**WHAT YOU NEED TO DO:** Keep the pictures out. Copy every line of the listing exactly.

Start of Block

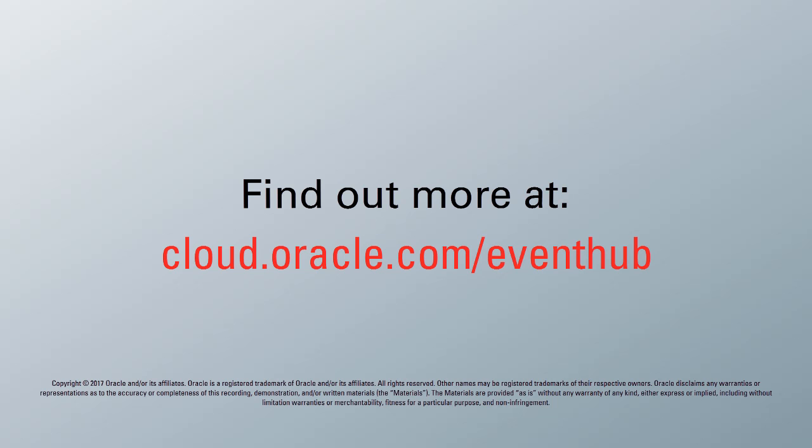To learn more, visit us online at cloud.oracle.com. And thanks for watching.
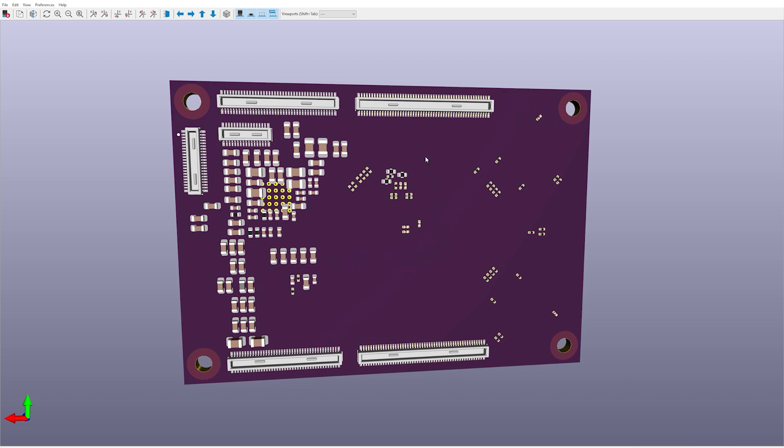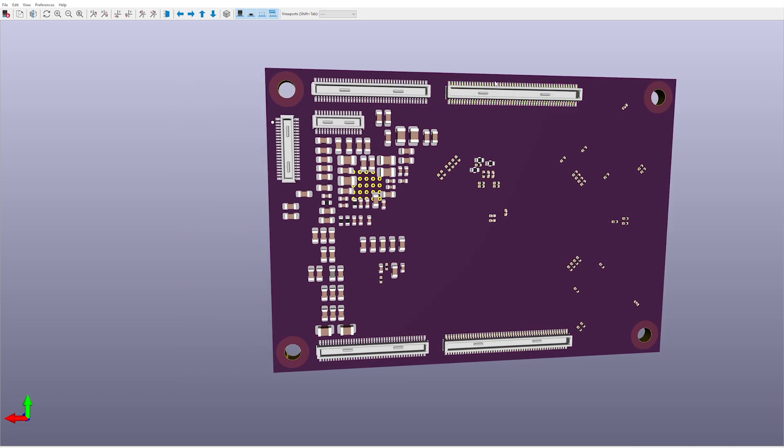And yeah, as you can see, we have the main bulk of the I/O going through these four connectors, with this one adding an extra MIPI camera connector and all the power coming through here.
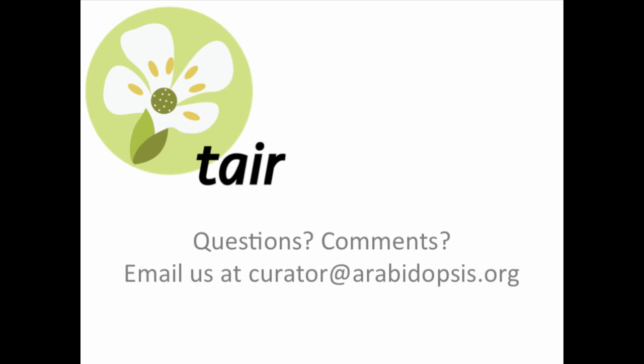Thank you for being a part of our TAIR community. We hope you found this video helpful. If you have any questions, you can always reach us at curator@arabidopsis.org.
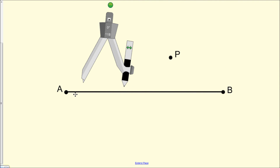In this video, the goal is to construct a line that is perpendicular to line segment AB, where that line also passes through point P.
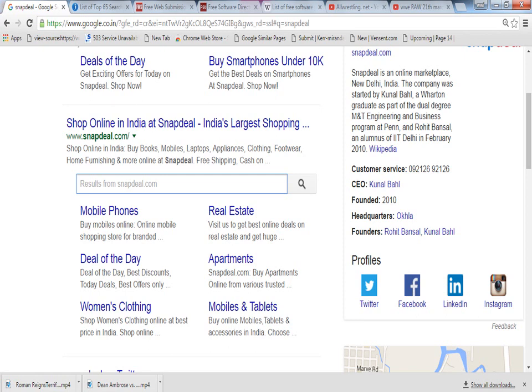I want to show you how the sitelink search box looks. This is for snapdeal.com. You can see below this is the sitelink search box. You can search for any of the things directly from here.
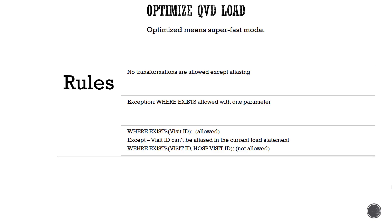Hello and welcome. Let's go over the concept of optimized QVD load. Optimize means super fast mode or faster than the regular QVD load. But you have to follow certain rules.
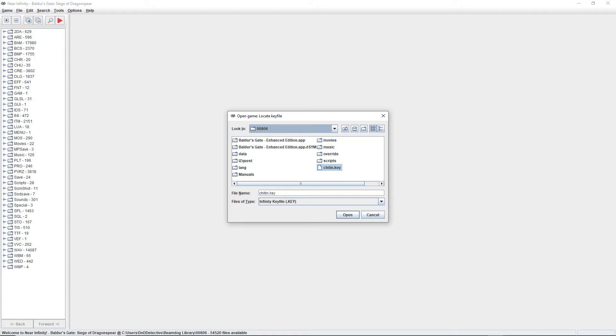First, you're going to want to download Near Infinity in a link provided in the description. When you launch it, you're going to be prompted to find the chitin.key file. It should be in the same folder that you installed Baldur's Gate Enhanced Edition. That will depend on where you bought the product from, but generally, it'll be somewhere in one of your program file folders, or in the user folder in the Beamdog library.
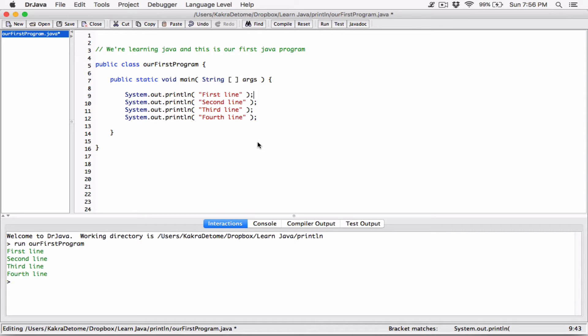So the purpose of this video was to show you how system.out.println works. As we continue learning Java we'll talk more about it. There's another version called 'print' which we'll cover in the next video. For now, just know that println displays what you want to display and ends with a new line. Thank you very much for watching, take care of yourselves, and I'll see you next time.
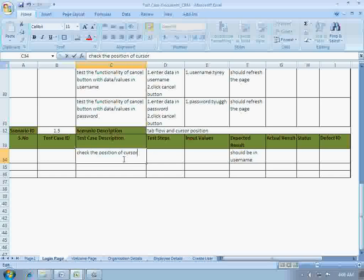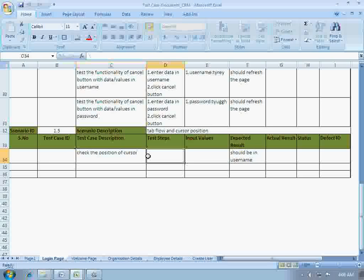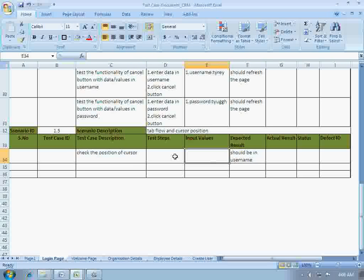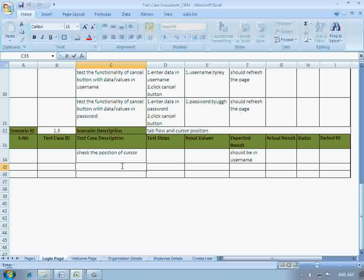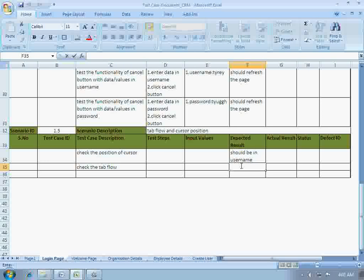Check the position of the cursor — that would do. The description is: check the position of cursor. The cursor should be in the username field. Now for tab flow: check the tab flow. The expected result should be: flow should be proper.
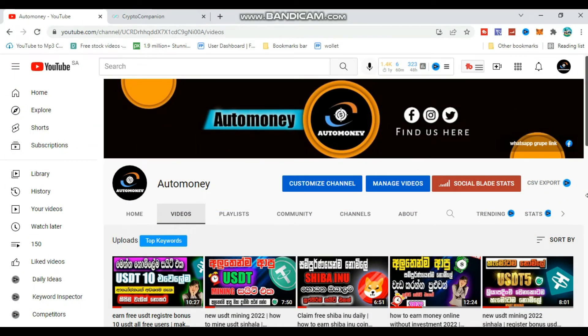Welcome to the Auto Money YouTube channel. In this video, we are going to show you a website where you can earn LiteCoin without any investment. We will show you how to earn LiteCoin on this website. No investment is required. We promise to bring you a video about this, so let's get started.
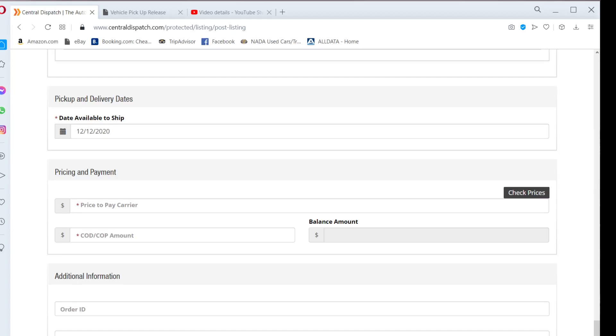Pricing and payment: Central Dispatch works under a bid system in which you enter the price that you are willing to pay. If a transporter is willing to accept this price, they will call or text you asking for the job.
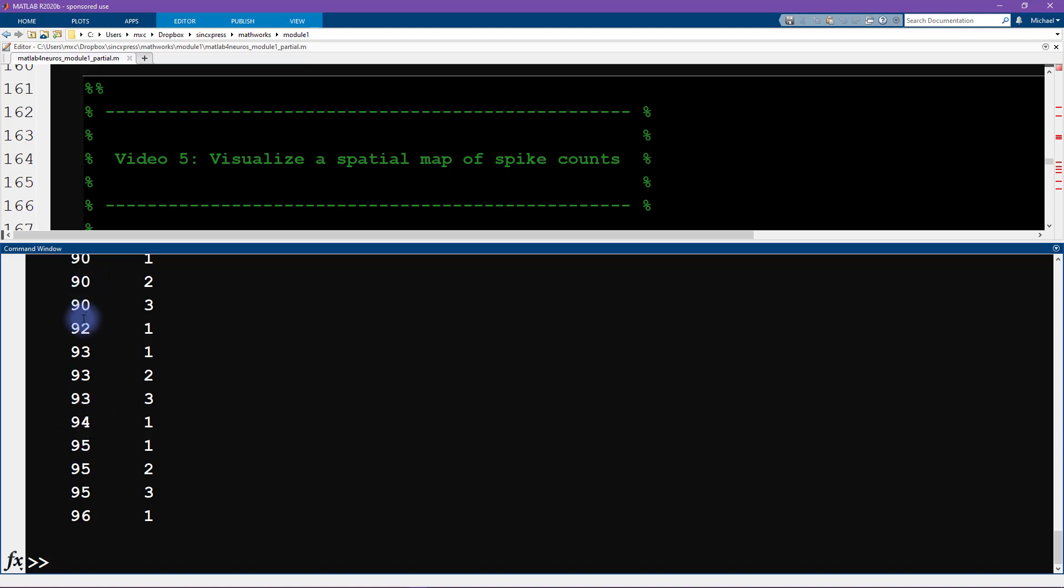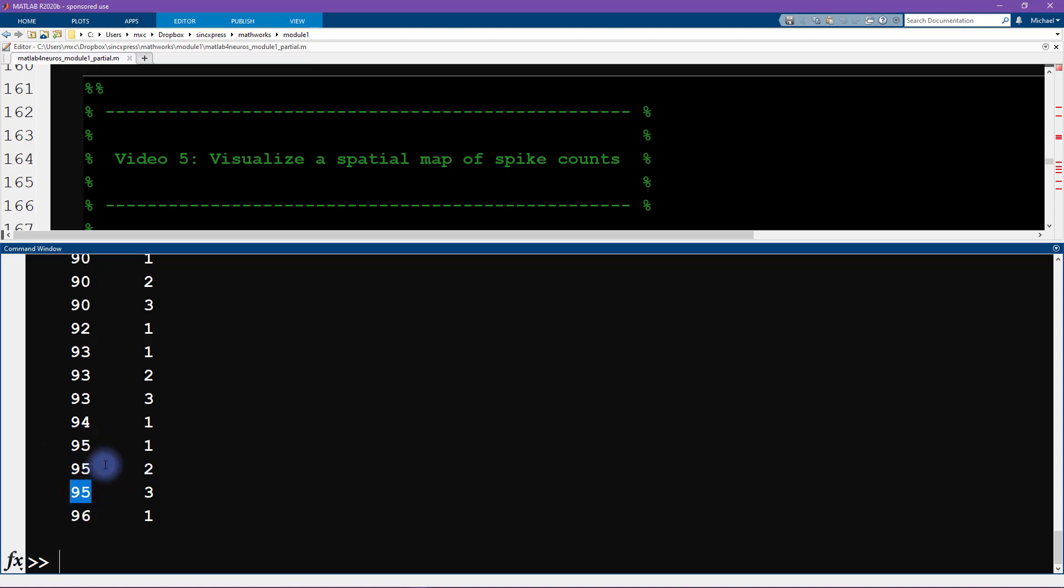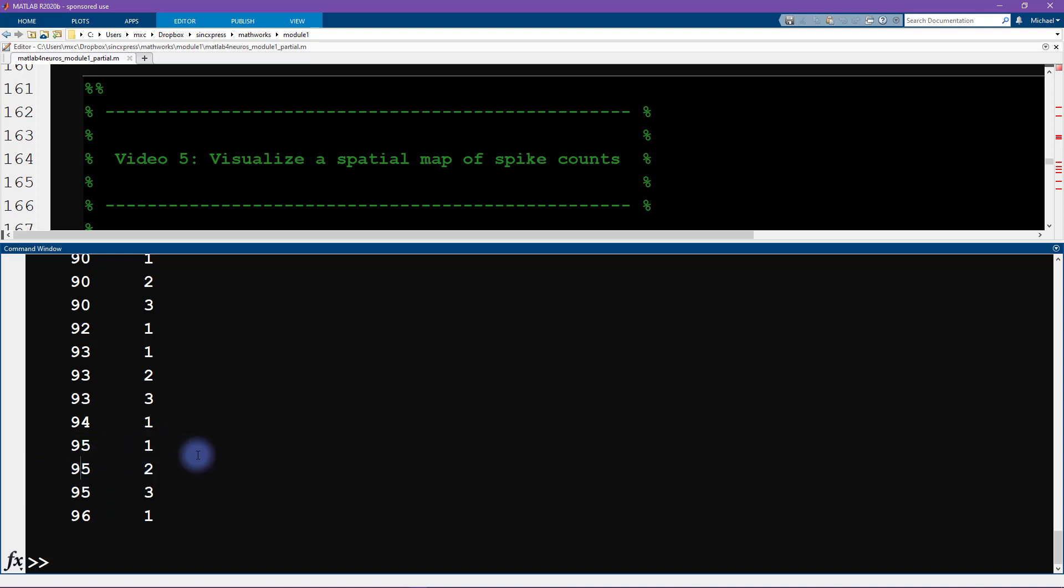So data.channels tells us this provides a mapping of each of these units here, each of these 106 neurons, and which channel in the data set, in the grid, that that neuron was recorded from. So we can type data.channels. And here you see we are interested in the first column here. So this column is telling us that the last neuron in the data set, so this is neuron 106, it was recorded from channel number 96. And here we see three times 95. So this means that these three neurons in the data set, so neuron 105, 104, and 103, all three of those neurons were recorded from the same physical channel. And that physical channel is called channel number 95.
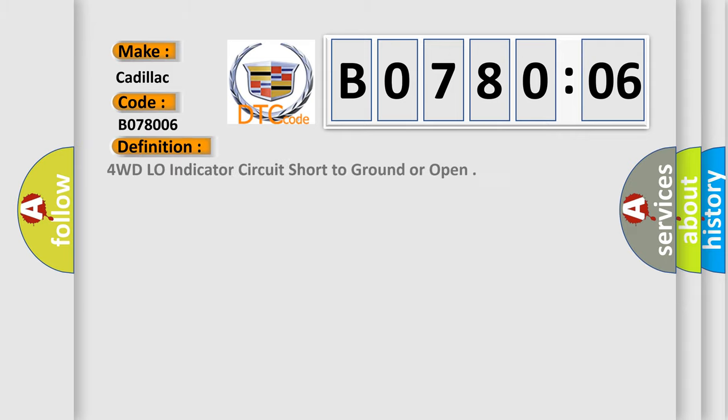The basic definition is: 4WD low indicator circuit short to ground or open.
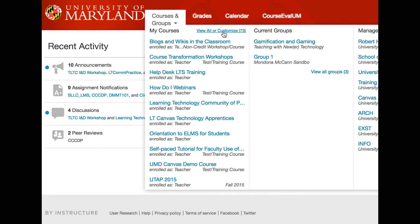If you have any questions about the new Canvas user interface, please contact ELMS support by emailing elms.umd.edu or by calling the Division of Information Technology Help Desk.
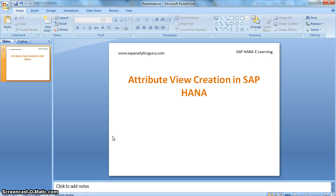Hello everyone. In this video I am going to show you how to create attribute views in SAP HANA, which is one of the modeling objects in HANA. Attribute views are nothing but master data which holds your attributes information to analyze facts or measures in the way you want. So we login to our HANA Studio.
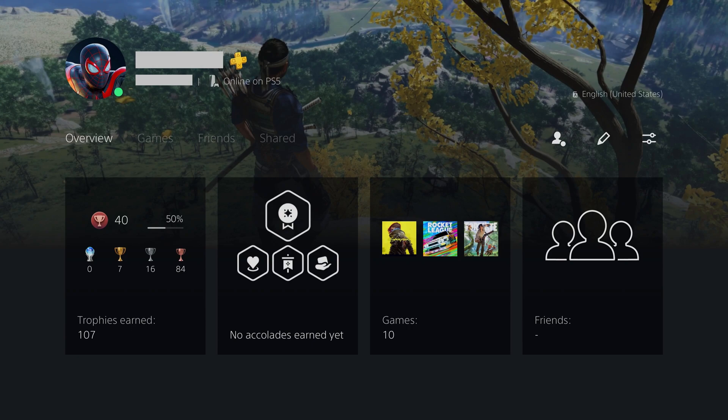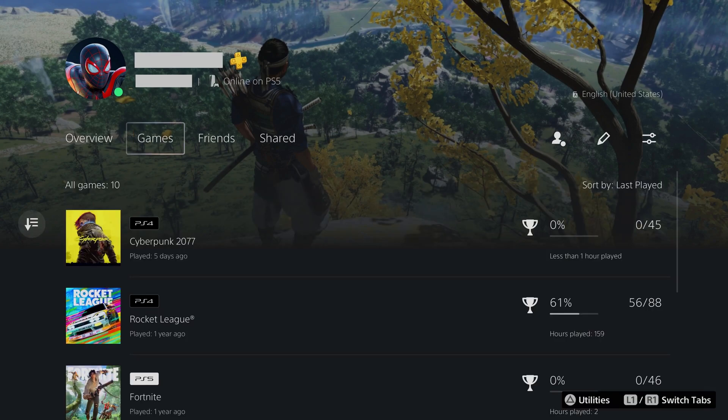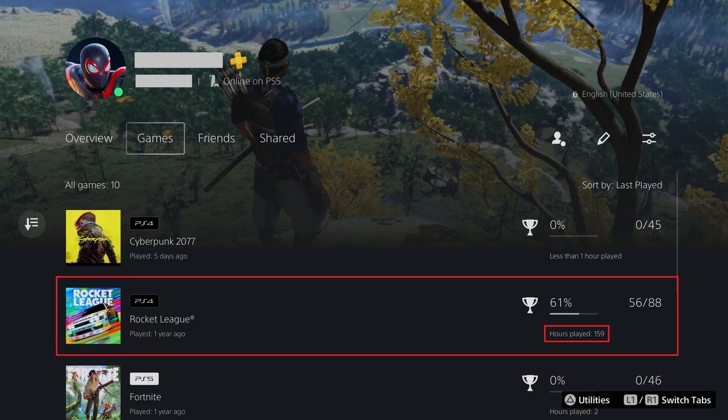Step 3: Choose the Games tab. You'll see a list of all of the PlayStation games you've ever played that are associated with your account. To the right of each game you'll see how much time that game has been running on your PlayStation 4 or PlayStation 5 consoles.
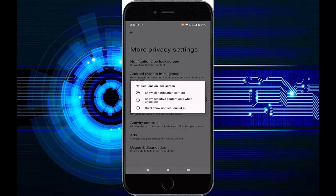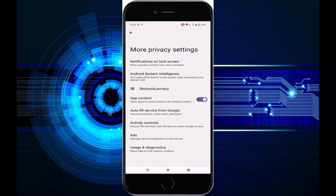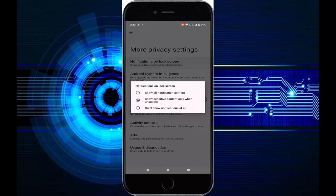You can see the notification on lock screen options. The first option is Show All Notification Content, the second is Show Sensitive Content Only When Unlocked, and the third option is Don't Show Notifications at All. Read and select the item which you want, like this.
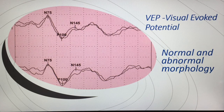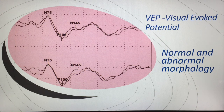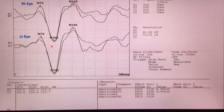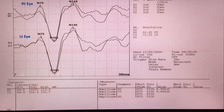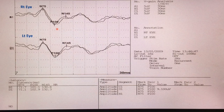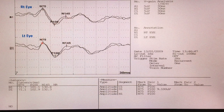Welcome to my channel. Today in this video I am going to show you some normal and abnormal VEP responses. This first one is a normal and well-formed VEP response with normal P100 latency — right side 103.2 milliseconds, left side 104.4 milliseconds. The P100 interpeak latency difference is 1.2 milliseconds.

End of Block

**ANSWER TO THIS EXERCISE:**
To learn more, visit us online at cloud.oracle.com. And thanks for watching.
And yeah, as you can see, we have the main bulk of the I/O going through these four connectors, with this one adding an extra MIPI camera connector and all the power coming through here.
Thank you for being a part of our TAIR community. We hope you found this video helpful. If you have any questions, you can always reach us at curator@arabidopsis.org.
In this video, the goal is to construct a line that is perpendicular to line segment AB, where that line also passes through point P.
I want to show you how the sitelink search box looks. This is for snapdeal.com. You can see below this is the sitelink search box. You can search for any of the things directly from here.
Hello and welcome. Let's go over the concept of optimized QVD load. Optimize means super fast mode or faster than the regular QVD load. But you have to follow certain rules.
First, you're going to want to download Near Infinity in a link provided in the description. When you launch it, you're going to be prompted to find the chitin.key file. It should be in the same folder that you installed Baldur's Gate Enhanced Edition. That will depend on where you bought the product from, but generally, it'll be somewhere in one of your program file folders, or in the user folder in the Beamdog library.
So the purpose of this video was to show you how system.out.println works. As we continue learning Java we'll talk more about it. There's another version called 'print' which we'll cover in the next video. For now, just know that println displays what you want to display and ends with a new line. Thank you very much for watching, take care of yourselves, and I'll see you next time.
Check the position of the cursor — that would do. The description is: check the position of cursor. The cursor should be in the username field. Now for tab flow: check the tab flow. The expected result should be: flow should be proper.
Welcome to the Auto Money YouTube channel. In this video, we are going to show you a website where you can earn LiteCoin without any investment. We will show you how to earn LiteCoin on this website. No investment is required. We promise to bring you a video about this, so let's get started.
Pricing and payment: Central Dispatch works under a bid system in which you enter the price that you are willing to pay. If a transporter is willing to accept this price, they will call or text you asking for the job.
So data.channels tells us this provides a mapping of each of these units here, each of these 106 neurons, and which channel in the data set, in the grid, that that neuron was recorded from. So we can type data.channels. And here you see we are interested in the first column here. So this column is telling us that the last neuron in the data set, so this is neuron 106, it was recorded from channel number 96. And here we see three times 95. So this means that these three neurons in the data set, so neuron 105, 104, and 103, all three of those neurons were recorded from the same physical channel. And that physical channel is called channel number 95.
The basic definition is: 4WD low indicator circuit short to ground or open.
If you have any questions about the new Canvas user interface, please contact ELMS support by emailing elms.umd.edu or by calling the Division of Information Technology Help Desk.
Hello everyone. In this video I am going to show you how to create attribute views in SAP HANA, which is one of the modeling objects in HANA. Attribute views are nothing but master data which holds your attributes information to analyze facts or measures in the way you want. So we login to our HANA Studio.
Step 3: Choose the Games tab. You'll see a list of all of the PlayStation games you've ever played that are associated with your account. To the right of each game you'll see how much time that game has been running on your PlayStation 4 or PlayStation 5 consoles.
You can see the notification on lock screen options. The first option is Show All Notification Content, the second is Show Sensitive Content Only When Unlocked, and the third option is Don't Show Notifications at All. Read and select the item which you want, like this.
Welcome to my channel. Today in this video I am going to show you some normal and abnormal VEP responses. This first one is a normal and well-formed VEP response with normal P100 latency — right side 103.2 milliseconds, left side 104.4 milliseconds. The P100 interpeak latency difference is 1.2 milliseconds.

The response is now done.